La experiencia arrancó con una selección de quince maestros y maestras de la orquesta europeísta recreando el célebre concierto Dumbarton Oaks de Stravinski, que los intérpretes abordaron con una precisión y una trasparencia portentosas. Hito del neoclasicismo sin renunciar a su carácter contemporáneo, de ella la Mahler ofreció una versión ágil y rotundamente vivaz, demostrando por qué cada uno y una de los músicos seleccionados merecía considerarse solista, cumpliendo así las exigencias de un concierto grosso en toda regla.

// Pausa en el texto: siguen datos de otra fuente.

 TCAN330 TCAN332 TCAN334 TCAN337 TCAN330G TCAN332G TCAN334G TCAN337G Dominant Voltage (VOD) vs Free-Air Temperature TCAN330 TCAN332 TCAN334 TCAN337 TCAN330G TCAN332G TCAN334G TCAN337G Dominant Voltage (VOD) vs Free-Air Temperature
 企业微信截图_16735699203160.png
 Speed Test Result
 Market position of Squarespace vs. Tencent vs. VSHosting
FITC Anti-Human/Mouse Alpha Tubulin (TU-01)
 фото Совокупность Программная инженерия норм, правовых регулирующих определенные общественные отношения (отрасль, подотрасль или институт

Sus continuos cambios de compás se salvaron con fluidez, pero lo que más destacó fue la superposición de planos sonoros perfectamente articulados y con una claridad extrema que convirtió la audición en toda una experiencia sensorial.
Ya con la orquesta en pleno, y bajo los designios del concertino alemán de origen brasileño, José María Blumenschein, pero sin director, como tantas veces lo hace esta orquesta, si bien el año pasado acudió bajo la batuta de Daniele Gatti, interpretaron la suite de Ravel La tumba de Couperin, con sus cuatro movimientos paladeados con una sensibilidad extrema y de nuevo la claridad y precisión aludidas. Se hicieron eco de la calidez y superficial amabilidad de la partitura, pero sin descuidar el misterio y la ternura que aderezan estas melancólicas páginas, especialmente en el trágico crescendo del precioso minueto. Con un dominio técnico impecable, atacaron el preludio potenciando su alegre burbujeo, con aportaciones soberbias del oboe; el forlane resultó tan elegante como irónico, mientras el aludido minueto evidenció los aspectos más melancólicos de la partitura, para finalizar con un rigodón alegre y desenfadado en el que destacó la excelente labor de los metales.

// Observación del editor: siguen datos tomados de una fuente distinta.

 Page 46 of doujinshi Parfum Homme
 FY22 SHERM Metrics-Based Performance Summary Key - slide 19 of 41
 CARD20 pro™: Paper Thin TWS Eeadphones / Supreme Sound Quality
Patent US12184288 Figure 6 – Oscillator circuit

Yuja Wang hizo su aparición sobre vertiginosos y delgadísimos tacones que le sirvieron de palanca a la hora de modular su presión sobre los pedales del piano. Se reservó la segunda pieza de cada parte del programa. Primero, ese extraordinario Concierto en Sol de Ravel que nunca nos cansamos de escuchar, y que en sus manos resultó un dechado de virtuosismo extremo y de sensibilidad a flor de piel, si bien lo que más llamó la atención de su dominio pianístico fue la volatilidad de su digitación, como si los dedos flotaran sobre el teclado extrayendo de él simplemente una magia bien dosificada. Como directora, gesticulando con contundencia cuando su trabajo al piano se lo permitía, fue la atmósfera fantasmagórica que extrajo de la parte central del primer movimiento, algo que sólo alcanzamos a definir como un misterio sideral si queremos dar una idea próxima de lo que escuchamos. Wang alternó el ritmo obstinado del adagio central con su excelso canto melódico, logrando altas dosis de sentimiento y expresividad, además de una coordinación y acoplamiento con la orquesta de los que pellizcan la piel. El presto final se reveló como una carrera infernal, rica en transformaciones y contrastes, puro fuego tanto en la vertiginosa digitación de la pianista como en la tensión dramática desplegada por la orquesta.